A well-regulated militia being necessary to the security of a free state, the right of the people to keep and bear arms shall not be infringed.
Twenty-seven words. The same number as the number of innocent people who died in Newtown, Connecticut, one year ago today. Twenty children. Six school staff who tried to protect those children. The mother of a mentally unstable gunman. Twenty-seven lives snuffed out in a shooting spree.
The gunman whose 2nd Amendment rights and weak gun control laws and enforcement, society’s poor handling of people in need of psychiatric help allowed him to become the agent of murder and mayhem, then took his own life. Arguably, the world is better off for his suicide death, a 28th death by the same hand, that awful day. But we’ll never learn why he did what he did.
The nation was in shock, and the President took steps to establish a bi-partisan committee to develop a legislative response, the start of a solution to these all-too-common mass murders. Congress failed to pass the recommended changes. The families affected by the murder of their first graders were visibly stunned, saddened, appalled, amazed at the irresponsibility of Congress. Something needed to be done. Anything!
How many children need die before the nation’s legislators take effective, serious action? It’s a question that remains unanswered.
As awful as Newtown was and is, children continued to die in America in between Newtown and now, if not in multiple shootings in a few incidents: Does one child dead from gunshot stand as a “better” situation than 20 at once? Ask the mother of the one dead child. The father. The siblings. The grandparents. The neighbors. America, people! Ask America! How many children, people have to die before the gun culture and Congress recognize every death is a loss in incalculable possibilities, is unnecessary, has nothing to do with a “well-regulated militia” or a “secure free state”?

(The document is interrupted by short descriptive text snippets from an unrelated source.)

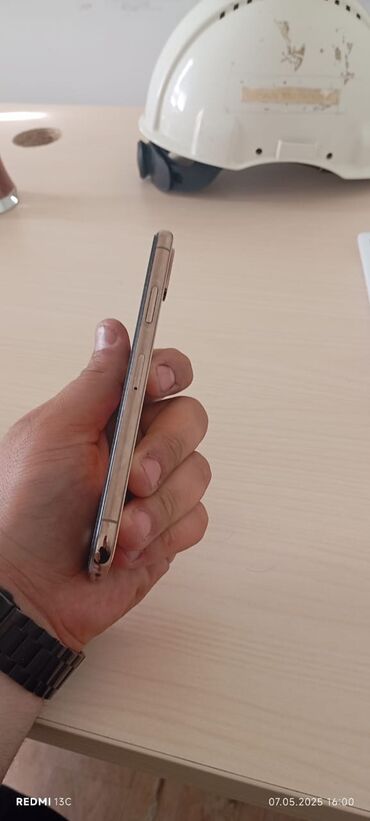 xş: IPhone Xs, 256 GB, Qızılı, Barmaq izi, Face ID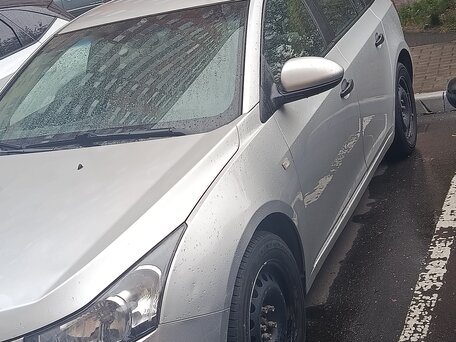 2012 Chevrolet Cruze I, серебристый, 627000 рублей, вид 4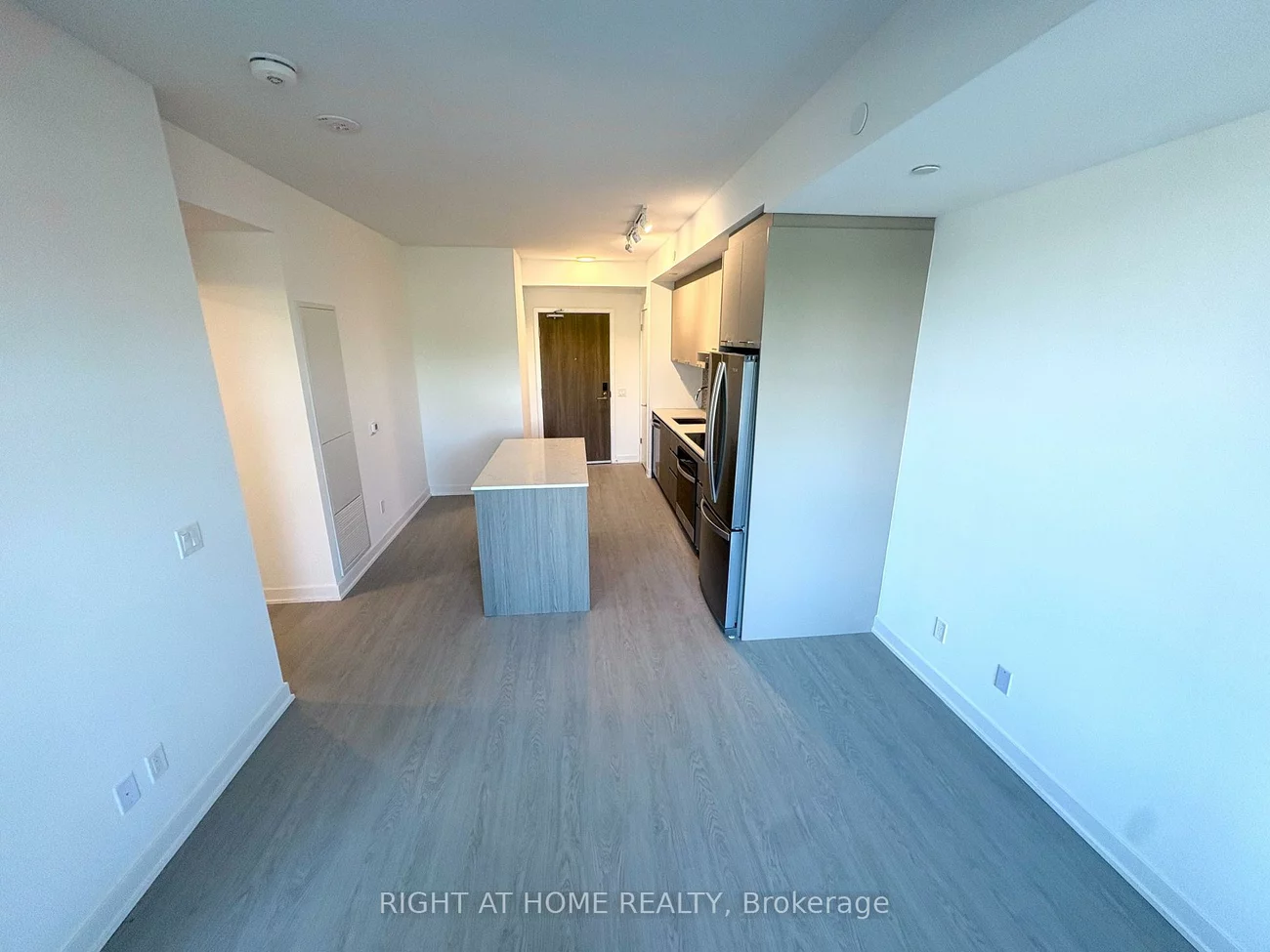 8188, Yonge, Uplands, Vaughan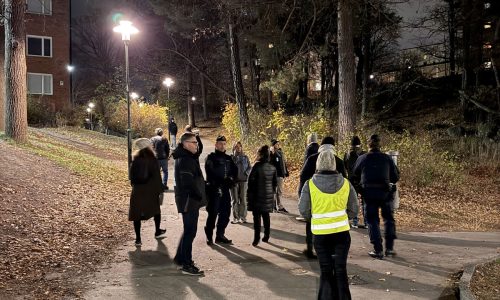 Trygghetsvandring hösten 2024 runt Ikano Bostad, Micasa, Sisab och Stockholm Parkerings områden.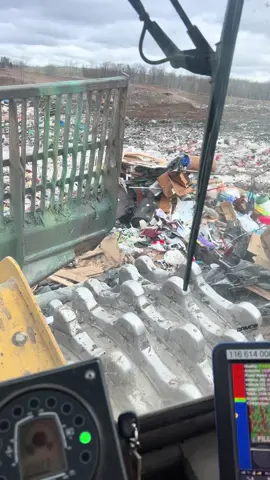#fyp #foryoupage #landfill #landfilloperator #usa #wastemanagement #garbage #wisconsin #randomthings #trash #music #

Want to see the results of nothing? “Mother Jones” makes it easy for you by bringing these photos and stories together in one article. View the photos and read the stories of 192 children 12 and under who died by gunshot (murder, accidental) in the year since Newtown, and ask yourself, again: How many children need die before the nation’s legislators take effective, serious action?:
December 15, 1791: In a bitter irony, tomorrow is the 222nd anniversary of the Bill of Rights. Of those 10 rights codified, the 2nd Amendment rights continue to be problematic in ways the people who wrote those murderous words couldn’t possibly have imagined. Of course, back then “well-regulated militias” of one didn’t go on murder sprees and kill 20 first graders, six school administrators, and their own mother.